§ **Your task**: Look below for the line containing "Giacca da ciclismo, gilet"; from there, print each line exactly up to and including the line containing "Rough Riding My Creamy Dildo Pt. 1", and stop.

The records START

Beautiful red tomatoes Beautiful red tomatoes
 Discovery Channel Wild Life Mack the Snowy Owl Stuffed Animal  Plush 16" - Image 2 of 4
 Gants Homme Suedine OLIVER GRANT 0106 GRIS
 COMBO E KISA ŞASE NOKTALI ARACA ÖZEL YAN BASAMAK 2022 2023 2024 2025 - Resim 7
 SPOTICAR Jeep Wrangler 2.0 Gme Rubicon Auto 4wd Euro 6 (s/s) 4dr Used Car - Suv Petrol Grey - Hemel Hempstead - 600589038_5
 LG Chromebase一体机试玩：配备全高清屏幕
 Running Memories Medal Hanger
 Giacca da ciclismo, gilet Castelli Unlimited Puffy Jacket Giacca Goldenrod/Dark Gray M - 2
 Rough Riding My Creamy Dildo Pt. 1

The records END
The records START

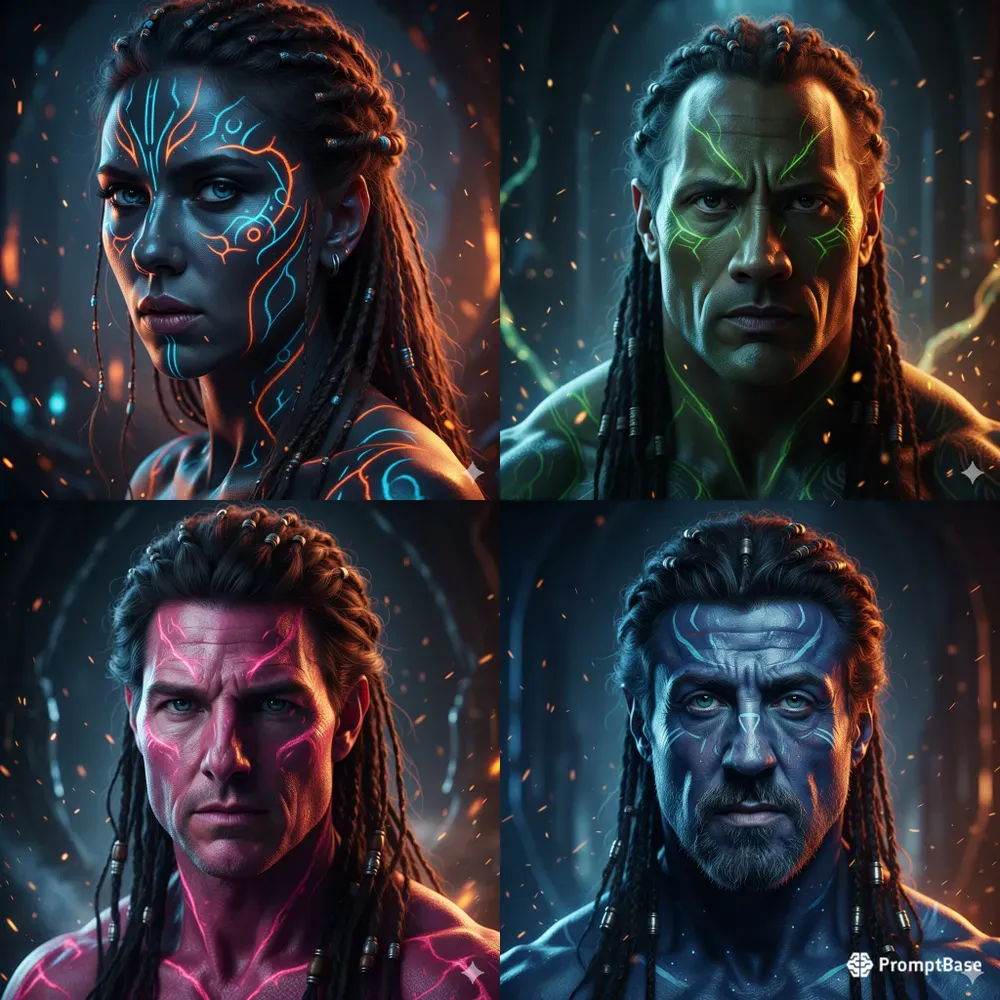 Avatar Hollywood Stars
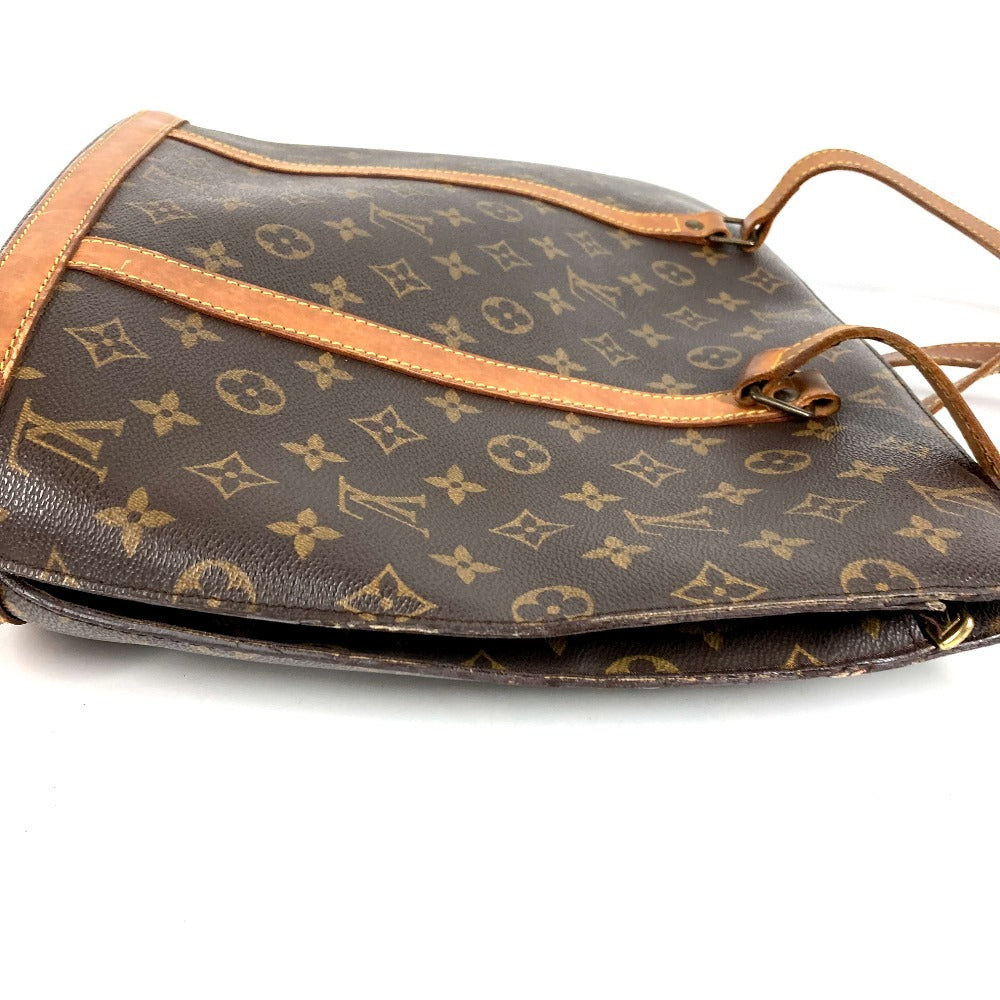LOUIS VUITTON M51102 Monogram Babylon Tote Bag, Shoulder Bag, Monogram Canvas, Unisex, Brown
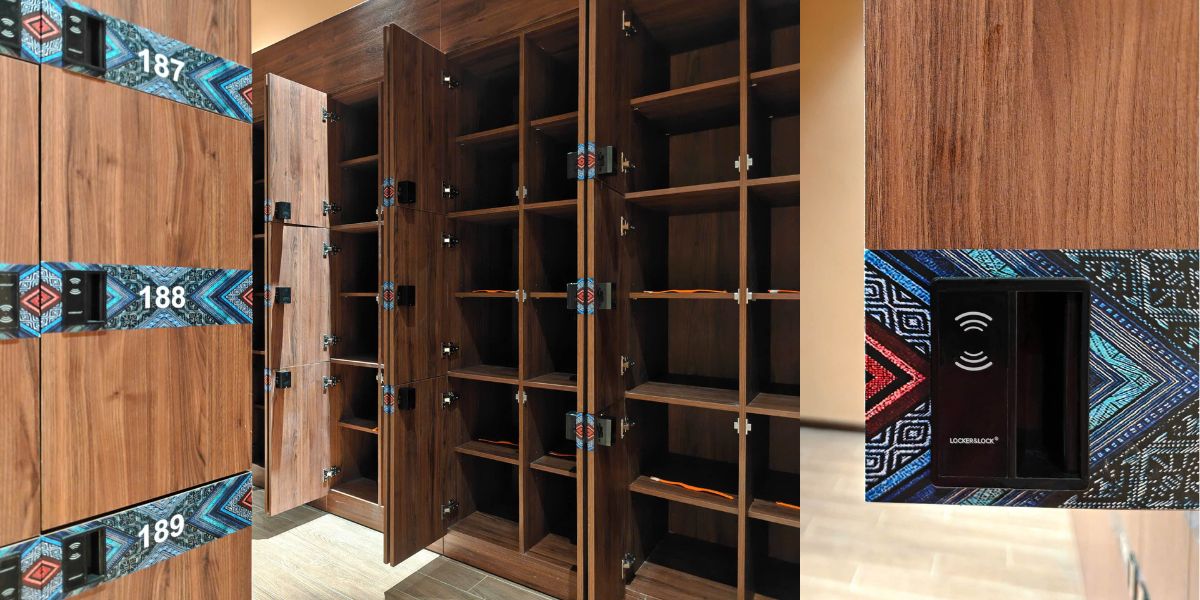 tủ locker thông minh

The records END
The records START

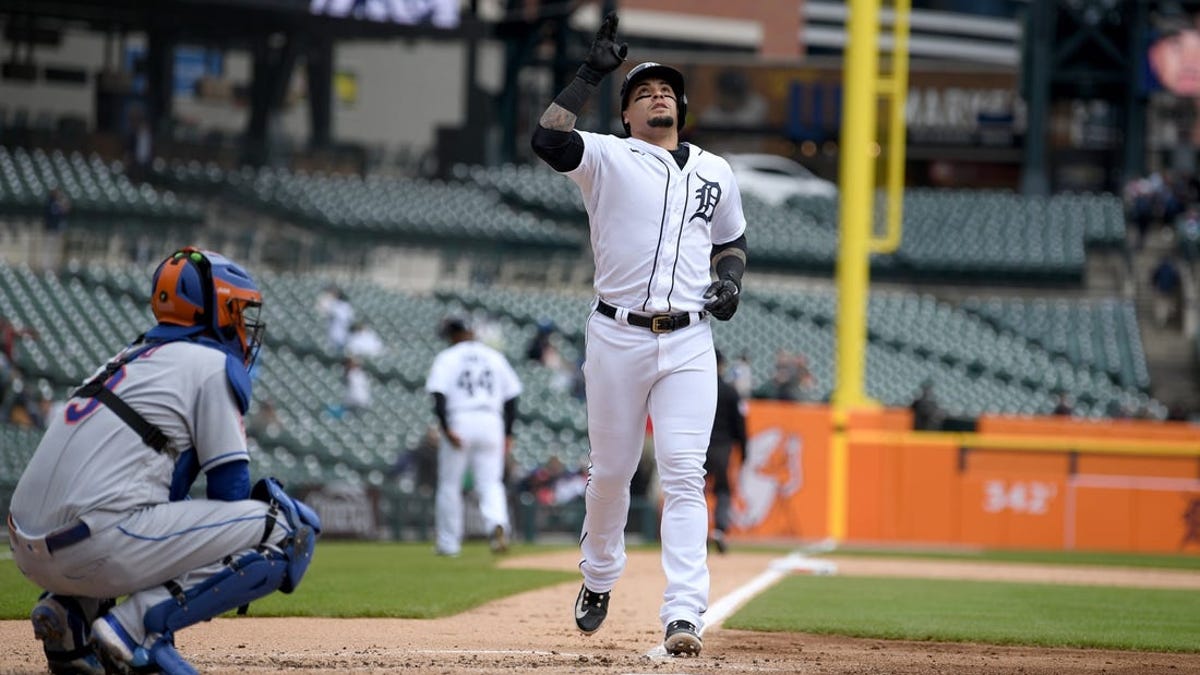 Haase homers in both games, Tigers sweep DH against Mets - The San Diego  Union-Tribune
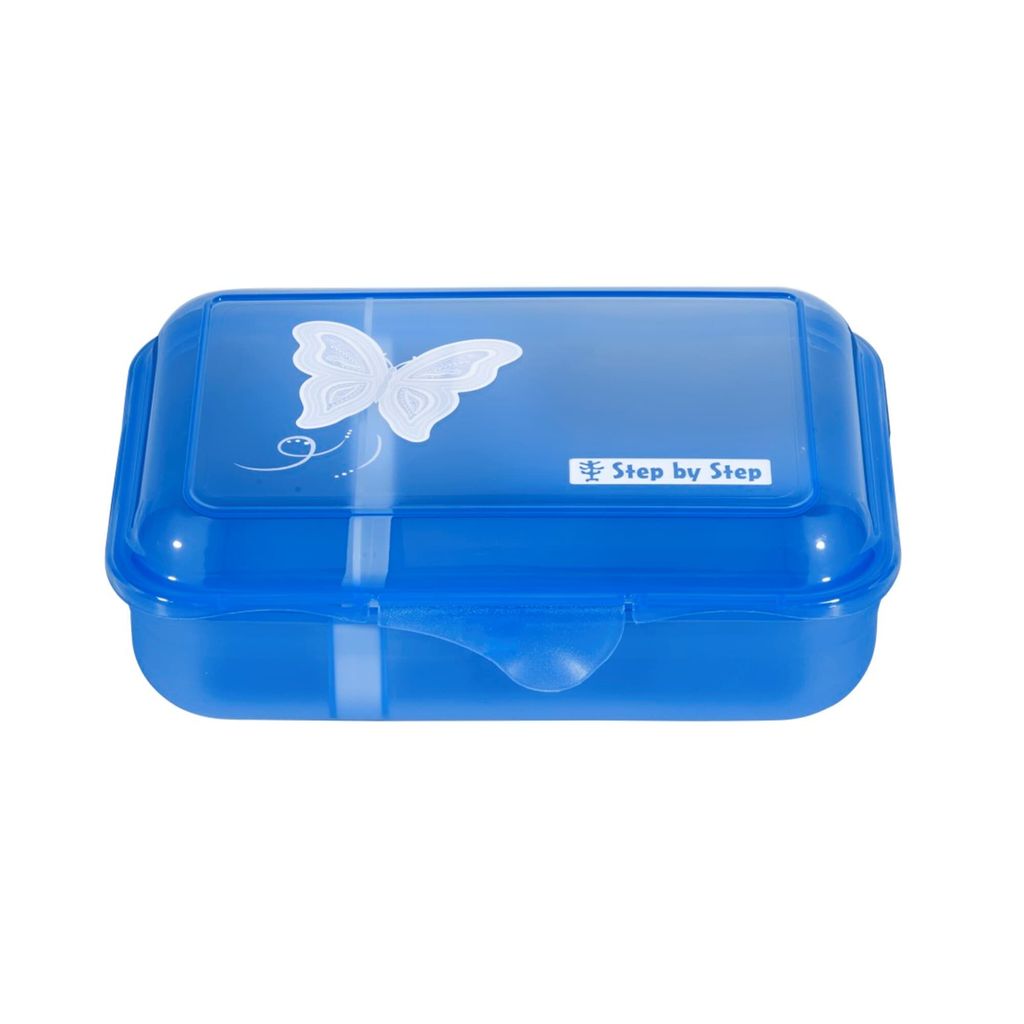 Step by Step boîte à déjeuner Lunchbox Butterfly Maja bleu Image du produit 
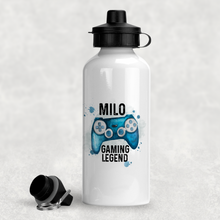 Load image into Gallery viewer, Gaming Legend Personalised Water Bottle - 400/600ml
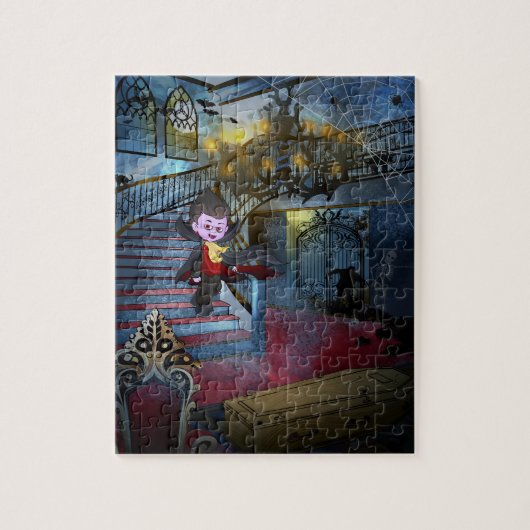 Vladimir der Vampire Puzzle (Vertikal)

The records END

§ **Exercise output**:
 Giacca da ciclismo, gilet Castelli Unlimited Puffy Jacket Giacca Goldenrod/Dark Gray M - 2
 Rough Riding My Creamy Dildo Pt. 1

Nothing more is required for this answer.